Harvard University’s Henry Louis Gates, Jr., praised this very poem as he introduced Gloria to the sold-out audience gathered at the Ohio Theatre Sept. 12 for the Anisfield-Wolf awards ceremony:
“What I find so resonant in all of these poems is the idea of multiplicity, that we possess many identities stemming from the many diverse forces that have shaped us,” Gates said. “In Gloria’s case, he is shaped by a Filipino background, though education among the nuns in a Catholic school, to coming of age in the same neighborhood in which he found ‘Janis Joplin shoring up supplies/from our corner Chinese grocer.’”
Gloria, 56, has taught for 13 years at DePauw University in Greencastle, Indiana. He read his poem, “Here, On Earth” for both the crowd at MOCA and the throng at the Ohio Theatre. He told his listeners that it captures his relationship to Indianapolis.
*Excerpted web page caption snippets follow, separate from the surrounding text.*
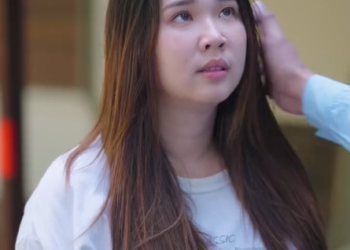 T1611003 คนอกห กท งสองคน มาพบร กก นโดยบ งเอ part 2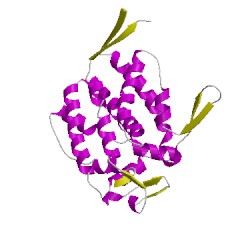 Image of CATH 1iokD01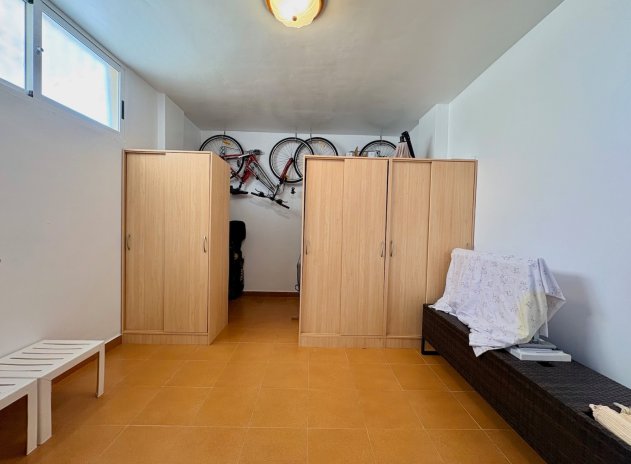 Wiederverkauf - Single Family Home - Orihuela Costa - Las Filipinas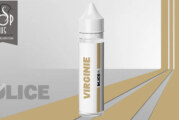 REVUE / TEST : Virginie (Gamme XL) par D’Lice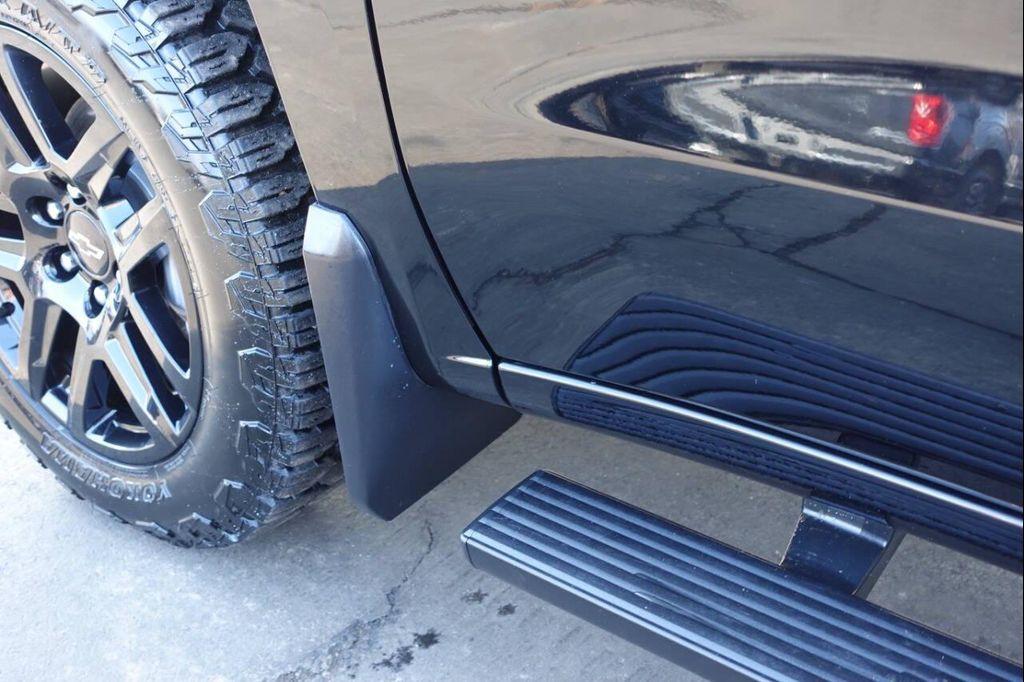 used 2023 Chevrolet Silverado 1500 car, priced at $34,995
The final two stanzas:
Here, on earth we are curtained by rain.
A subset in the far corners floating
toward the center. We are an island
in landlocked America. We are
Thai, Filipino, and Vietnamese.
We are, all of us, post exotics.
At MOCA, Gloria followed a reading from Kazim Ali, an Oberlin College professor who started with his poem “Fairytale.” It concludes, “All the sacred words/are like birds wheeling in the sky./Who knows where they go?” The political nature of Ali’s reading inspired Gloria to start with “Elegy with Ice and a Leaky Faucet.” He called it “one of the oddball poems in my collection; it failed as a political poem.”
And yet “Elegy with Ice and a Leaky Faucet” is many reader’s introduction to Vincent Chin, a Chinese-American man beaten to death on the eve of his wedding by Detroit auto-workers enraged at the ascendancy of Japanese cars in the U.S. market. “The dialectics of fists and ball bats/turned his wedding party into a funeral” Gloria writes.
When Ali and Gloria perched on tall stools together at MOCA, Ali spoke about the context for two of his newest poems, which focus on Bradley Manning, convicted in July for violating the U.S. Espionage Act.
“We are political,” Ali said. “We can notice it or not notice it.”
“Amen to that brother,” Gloria responded. “We try to avoid being cliché. The struggle is taking an overt political position in an art that calls so much attention to language can be problematic. But like Kazim says, we are all political.”
The men riffed on Shelley’s famous maxim that “poets are the unacknowledged legislators of the world,” suggesting that the “unacknowledged legislators of the world” may well be the secret police.
Before he returned to Indiana, Gloria said, “The idea of identity is always going to be a subject. I have no choice. Identity is so multi-layered and I am obsessed.”